The membership units and substantially all of the assets of the Company are pledged as collateral under the senior credit facility (the “Facility”) of the Parent. The Facility bears interest at either a London InterBank Offered Rate or Prime rate basis at the Company’s option. The weighted-average interest rate under the Facility was 6.7% at December 31, 2003 and 8.23% at December 31, 2002. The amount of principal outstanding on the Facility was $33,950,000 at December 31, 2003 and 2002, respectively. The Facility was originally scheduled to expire on April 30, 2004 (see Note 9).

Additionally, the Parent has $12,000,000 in subordinated notes outstanding (the “Notes”) that were issued to fund the acquisition of the Company.
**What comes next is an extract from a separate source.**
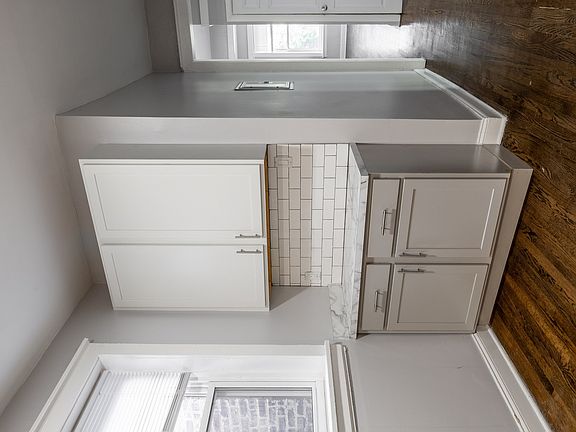 5th image of 6258 N Lakewood Ave #3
Principal is due in quarterly installments of $600,000 commencing April 1, 2005 with a $10,200,000 balloon payment due on December 17, 2005. Due to certain covenant defaults, interest under the Notes escalated to the default rate of 15% effective July 31, 2002. The Notes bear interest at 15% per annum. The amount of principal outstanding on the Notes, net of discount, was $13,880,425 at December 31, 2003 and $12,111,925 at December 31, 2002.
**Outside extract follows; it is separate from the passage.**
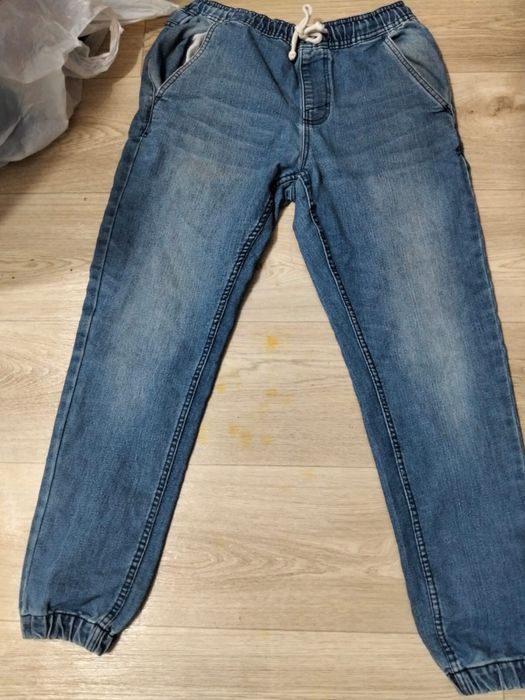 Продам джинсы 3 шт за 5000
On April 30, 2004, the Facility and Notes were acquired by II Newco LLC (“II Newco”), a related party (see Note 9).

The Facility and Notes are not included in the accompanying balance sheets as they are the legal obligation of the Parent.

5.   BENEFIT PLANS

The Parent maintains a 401(k) profit-sharing plan (the “Plan”) covering substantially all employees of the Company. Employees can contribute between 2% and 15% of their salaries to the Plan. Under the Plan, the Company matches 50% of the first 6% of employee contributions. The Company contribution was $403,935 and $387,699 for the years ended December 31, 2003 and 2002, respectively.

6.   STOCK-BASED COMPENSATION PLAN

Certain employees of the Company participate in the J3 Technology Services Corp. 1999 Stock Incentive Plan (the “Parent Option Plan”). The Parent Option Plan enables the Parent to grant qualified and nonqualified incentive stock options. The options are for the purchase of Parent Class A stock and are granted at an exercise price not less than the fair market value at the date of the grant. The Board of Directors of the Parent determines the period within which options may be exercised.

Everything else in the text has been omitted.